The impact of make-up calls is probably bigger than you think

One of the more reliable indicators of which NHL team is likely to get the next power play has little to do with score or style of play. Instead, it’s been shown repeatedly (Ex 1, Ex 2) that referees call a substantially higher number of make-up penalties than would otherwise be expected in order to maintain an overall even number of violations on each team. Call it a biased impartiality – in order to appear impartial by game’s end, ref’s let previous decisions drive future ones.

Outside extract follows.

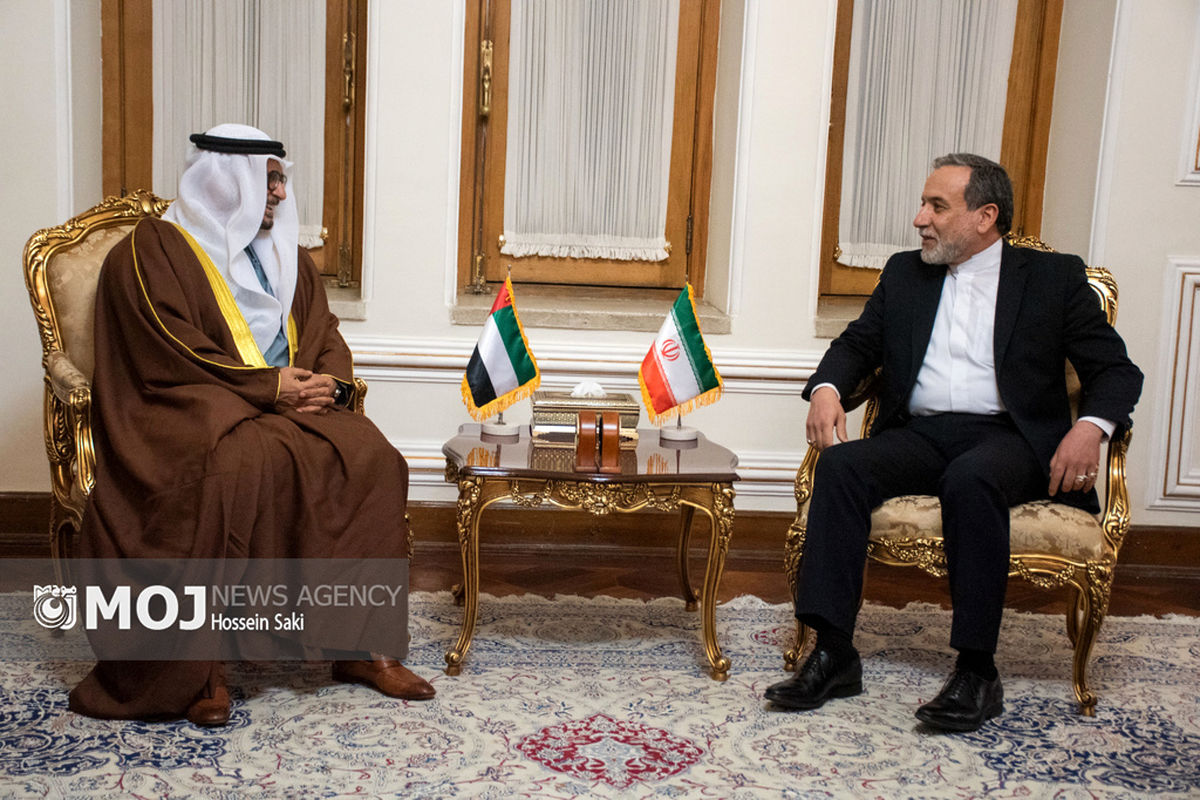 دیدار مشاور دیپلماتیک رئیس کشور امارات با وزیر امور خارجه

A common line of reasoning behind call reversals is that referees would prefer to $not$ be part of the final narrative as to why a particular team won or lost. If each team has a relatively similar number of power plays, media and fans clamoring that one team was favored would have less support. Turns out, however, that by evening up penalty calls, hockey ref’s are impacting the same game narratives that they are trying to avoid being a part of. In this post, I’ll both confirm the existance of make-up calls and extend a similar analysis to look at the impact of make-up calls on game outcomes.

The make-up call

Claiming that a call in any sport is due to anything besides an unbiased referee assessment is a non-trivial task. Fortunately, hockey boasts several settings that make looking for make-up calls somewhat feasible. Game’s are often tied, and looking at penalties in tied-game states can avoid results being impacted by changes in style of play due to the score. Moreover, with an average of about eight minors a game – most of them judgement calls – there’s a large enough sample size within each game on which to evaluate ref choices.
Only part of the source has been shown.